Search code examples
recommendation-engine

LightFM: Weights and Sample Weights


I was looking to gain insight on the weights for the LightFM Implementation for the following:

Sample Weights

  • What are sample_weights in the fit method? I read that they are to simulate time decay but how does that work exactly? Examples or an article explaining this would be really helpful.

Interactions Matrix

  • now if I have user interactions with different content_types i.e. text, video and we don't want to really differentiate between them when we make a recommendation?
    • Do I have to make separate models for each media type? If I create one model, does it make a difference if the interactions for text is a boolean like 1.0/0.0 for clicks and if the interactions for video is in percentage_video_completed e.g. if a user sees 10 seconds out of a 15 second video, can I assign an weight as 0.667?

Solution

  • Sample weights

    You can use sample_weights to weigh the importance of any one observation, in the same way you can pass sample_weight to an sklearn classifier.
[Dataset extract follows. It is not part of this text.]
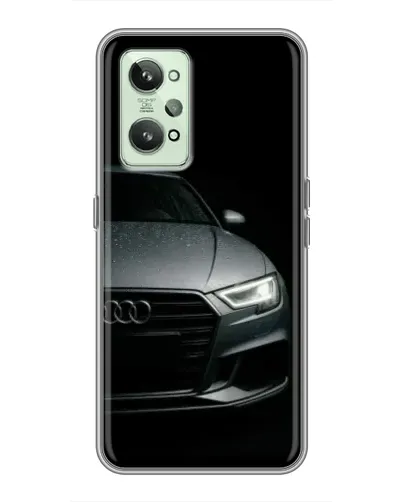 Чехол для Realme GT2 с картинкой «Audi — детализация кузова» Чехол для Realme GT2 с картинкой «Audi — детализация кузова»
    Weights larger than 1 will lend additional weight to that observation; weights smaller than one will make it less important to the model.

    This is accomplished by scaling the learning rate for that observation by its weight.

    Interactions

    You don't have to create separate models: the two types of interactions can happily be embedded in the same model.

    In LightFM models, the data in the interactions matrix is binary. You should use the sample weights to express the confidence you have that a given interaction is positive. This can be percentage watched for movies: however, be aware that if percentage watched is routinely under 1.0, your model will put more weight on the text interactions.